I'd like to be clear again, that XSL would only be useful for material
already in OSIS formats (or in valid ThML - I think TEI is also an XML
format?).  I doubt many modules in ThML are strictly valid at their
import times, so XSL wouldn't be very useful, and GBF is a monster
unto itself.  Doing the above in XSL from an OSIS source would not be
much different in complexity than what you have listed there.
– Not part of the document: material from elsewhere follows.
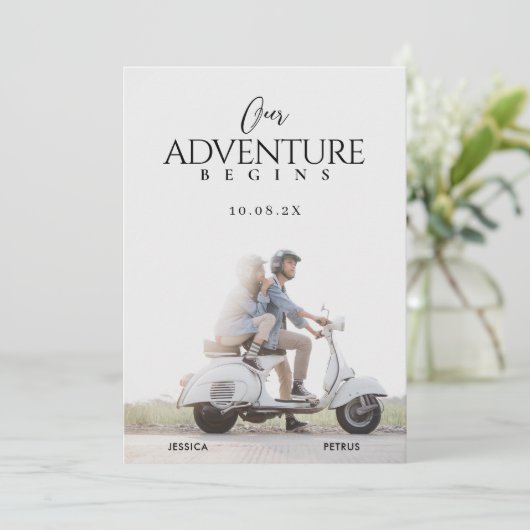 Modern wedding photo adventure  kaart (Staand voorkant)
<xsl:template match="verse[@osisID='2thes.2.13']/w[@n=3]">
The morphology of word three is: <xsl:value-of select="@morph" />
</xsl:template>

Or something similar (my knowledge of exact OSIS attribute names and
values wanes and it's been two or three weeks since I wrote an XPath
expression).

Of course, the string processing portion of SWORD would continue to be
of great importance for any modules in GBF format or similar to bring
them into a useful form.  In that way, SWORD would continue to be more
than just a text rendering engine.  It would continue to offer all of
its features, its buffering from the system and from the format, its
indexing, its module fetching and storing, etc.

> ______________________
>
>
> And finally, if bullets aren't flying already, I'll stir the heat up with...
>
> XSLT sucks.  A good C++ programmer can do anything in C++ better than
> any XSLT programmer.
>
>
> :)

A C++ programmer can definitely do more, since C++ is actually a
programming language and XSLT is a set of processing instructions.
Better?  That depends on what the criteria is.  For me, in my current
role as a module creator, the use of C++ is not currently better
because it is less flexible and extensible.  For you, as the library
maintainer, perhaps C++ is better because it's what you are already
comfortable with and because it has largely been your hand in the
filters.

>
> *duck*
> Have fun.
>
> Troy
>
> PS.  In summary, I understand the current filters are sometimes overly
> complex and need cleanup, standardization, etc.  It comes down to the
> fact that they mostly work, and other things which don't get priority,
> so they don't get much attention.  But honestly, I think one might be
> oversimplifying the problem at hand without realizing it, if one simply
> thinks switching to XSLT will make things easier.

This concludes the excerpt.